One of my survivors described it so eloquently: “when I was in cancer treatment, it felt like a maze, but someone was always holding my hand, leading me through. When I was done, it’s as if they opened a door to a wide open field. There was no one out there, and I had no idea which way to go.”
It’s all too true that cancer survivor care is hit-and-miss at best. I have yet to hear a survivor say that after treatment, she was offered a comprehensive survivorship care plan to help return her to physical and emotional wellness.
A first step towards creating such a plan would be to document what survivors need. Unmet survivor needs is a hot topic of current research. But it could be many years before this research makes its way from the ivory towers into care models that make a difference for survivors. In the meantime, there’s an opportunity for you to make a difference.
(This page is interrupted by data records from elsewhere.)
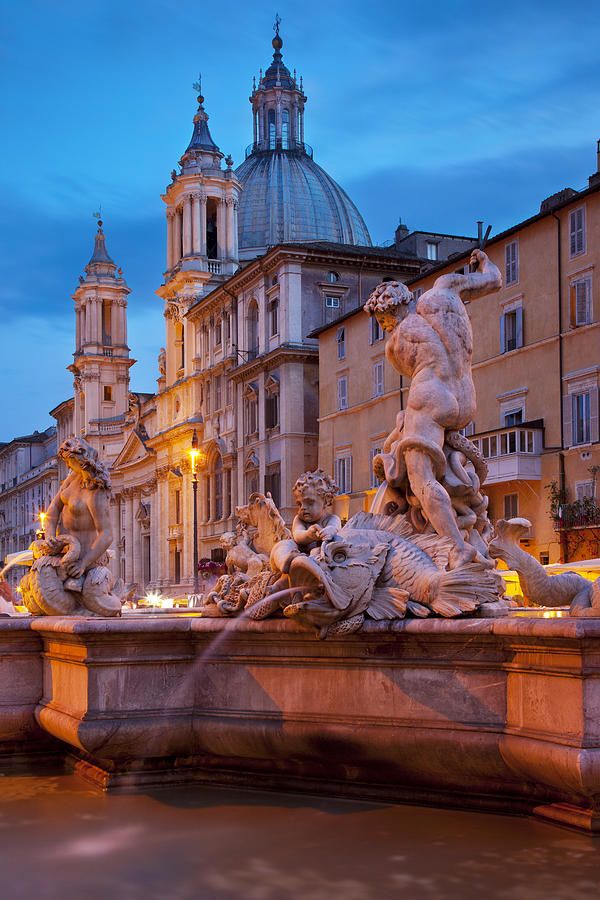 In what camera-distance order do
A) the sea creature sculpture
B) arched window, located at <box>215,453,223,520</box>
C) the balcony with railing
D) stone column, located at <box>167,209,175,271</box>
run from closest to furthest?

One of the aims of the Cancer Support Community (CSC) is to promote a “transformative model of healthcare that puts the patient experience at its center”. The CSC’s research arm recently published “Elevating the Patient Voice”, a reporting of data collected directly from cancer survivors about their experience and their needs. What’s remarkable is that this project isn’t taking place in a rarified academic setting; it’s an open registry that any survivor can participate in online. This is a remarkable opportunity for any survivor to make his or her experience known to a team ready to put that data directly in the public eye.
Cancer survivors are a large and fast-growing group: over 14 million in the US alone. As of September 2014, 7,000+ survivors had added their voices to the Cancer Experience Registry. If even 1% of survivors spoke up through the registry, that number would far exceed the power of any research study. Imagine the impact the sum of those voices could have to transform survivor care.
Your experience could make a difference to other survivors. Will you speak out?